Cette loi reposait, comme on voit, sur l’idée même qui est le fondement de toute la législation de Moïse ; divisant une terre qui n’était pas encore aux Juifs et qu’ils devaient conquérir, il n’a été gêné par aucune coutume, par aucun droit antérieur ; il a disposé du sol purement d’après ses idées. Eh bien ! il s’est trouvé que cette disposition était impraticable, et les plus fidèles zélateurs de la loi se sont dispensés d’obéir à une injonction trop contraire aux sentimens et aux mœurs naturelles des hommes.

Pour les preuves que cette partie de la religion mosaïque n’a pas été long-temps ou n’a jamais été en vigueur, on peut consulter Michaëlis, qui le démontre avec la dernière évidence.[1]

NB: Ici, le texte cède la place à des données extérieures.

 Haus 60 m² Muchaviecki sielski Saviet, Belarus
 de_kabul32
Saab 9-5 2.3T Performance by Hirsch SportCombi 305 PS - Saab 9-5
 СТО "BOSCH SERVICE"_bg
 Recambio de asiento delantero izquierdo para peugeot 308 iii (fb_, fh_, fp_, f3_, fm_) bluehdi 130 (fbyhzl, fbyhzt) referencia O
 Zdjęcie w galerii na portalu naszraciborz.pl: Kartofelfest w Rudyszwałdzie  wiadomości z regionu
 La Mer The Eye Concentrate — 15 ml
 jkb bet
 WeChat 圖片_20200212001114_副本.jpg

Ce n’est pas tout, le génie prophétique de Moïse avait compris que cette œuvre si forte n’était pas à l’abri des vicissitudes humaines ; et c’est un admirable passage du Deutéronome[2] que celui où il pressent que son peuple se pourra bien lasser de n’obéir qu’à Dieu, qu’un jour, malgré tout ce que le génie de Moïse aura fait pour lui conserver sa liberté en l’isolant des autres peuples, l’ennui de cette sainte liberté le prendra, et que, dans sa faiblesse, séduit par l’exemple, il voudra un roi comme le reste des nations. Moïse se résigne à cette dégradation de son peuple et à cet abaissement de sa théocratie, et il prescrit ce qu’il faudra faire quand ce triste jour sera venu. Qu’exige-t-il ? Si les Juifs veulent un roi, qu’ils le prennent, mais qu’ils le prennent parmi eux ; que ce

  1. Mosaisches Recht, t. ii, p. 54.
  2. Deutéronome, ch. xvii, v. 14 et suiv.